If I had been contacted by my constituents and had a response from the Minister a few weeks or months earlier, there might have been an appropriate opportunity to propose that the issue was looked into in relation to the Bill, but perhaps there will be an opportunity to consider such issues in the other place.
It is a great pleasure to follow my hon. Friend Mr Robinson, who speaks with tremendous knowledge on these issues. He was absolutely right to focus on the way in which some industries operated in the past, and the extent to which the financial services industry had some very negative selling practices back in the deregulatory period of the 1980s. I am pleased that the industry, with Government assistance, has very much got its house in order.
We would be well advised to think about the impact of the changes on the professionalism of very important industries such as financial services. If decisions are not taken in professional enough a way, they can have massive effects on people at the time in their life when they take their pension. Back in the 1980s, there was a huge explosion of private pensions, with people—mineworkers or teachers—advised to give up their pensions. They were told, “No, if you give up your pension, you can opt in to one of these private schemes, with 15% growth every year.” There was a huge mis-selling scandal.
I previously worked—briefly, and largely unheralded—in the financial services industry. I was not necessarily particularly suited for the job, which highlights a point about people being invited into the industry. They were dragged into it on the basis of knowing friends that they could go and sell pensions to. People with very little knowledge came into the industry. Their business plan was based on phoning all their friends and relatives to encourage them to give up their pensions in reliable public sector or other schemes and to go in to private schemes. There was of course a huge explosion, and many of the people in the schemes were seen to have been given very poor advice.

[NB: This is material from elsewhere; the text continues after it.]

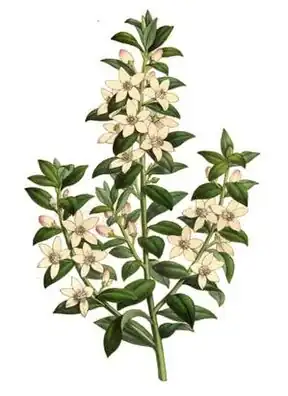 Philoteca myoporoides – nur im Werrikimbe-Nationalpark und in Queensland zu finden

We recognise what the Government are attempting to achieve, and we support their aims of having greater flexibility for the industry, allowing people to be put back in charge of their investment and ensuring that they have the freedom to decide what to do with the money that they have saved. However, we are also aware of why the annuities method of accessing pensions that people had invested in was introduced. We as a society decided that, in an age when people were living longer and longer, we wanted people to make provision for themselves and, having done so, to buy something that provided a regular income that they could rely on.
If we have a scheme in which people decide what to invest their pension funds in, but, with the best of intentions, those investments go wrong, the people who we thought had provided for themselves in later life will come back to the state and say, “Unfortunately, the investments that I made with my pension pot have gone wrong and I have run out of money.” That will have an impact on the Government. We recognise what the Government are attempting to achieve, but it would be sensible to have a review of how it is working, the impact of the changes on the behaviour of investors, the impact on Government revenues, the impact on the broader economy, and what behaviours are being encouraged and introduced by the changes.
I am sure that the hon. Gentleman will accept that there is also a reputational danger for the industry in general and for the entire system of retirement pensions if people who make honest and sincere investments find that the returns are non-existent or that the investment itself disappears, and find themselves not being at leisure in their 70s, but working, like people I know.
Absolutely; the hon. Gentleman is right. There was a huge rush of those issues coming to light at the back end of the last century, when people who believed that they had saved into corporate pensions found that the company had disappeared and so had their pension.
When we are debating these issues and supporting the Government in this important initiative, we must be conscious that it must not end up with people effectively gambling with the income that they will rely on, without being aware of the risks. It is important that protections are in place to ensure that when people make such decisions, they have the information and know what they are letting themselves in for. It must be clear not only what impact it will have on them and their future, but what impact it will have on Government resources and revenues.
The FCA risk outlook of 2014 stated:
“Retirement income products and distribution may deliver poor consumer outcomes”.
That means that the Government recognise the dangers that we are highlighting, which adds more weight to the call of my hon. Friend the Member for Kilmarnock and Loudoun for a review of the impact on Government revenue and a review of who is affected, with a
“distributional impact, by income decile of the population”.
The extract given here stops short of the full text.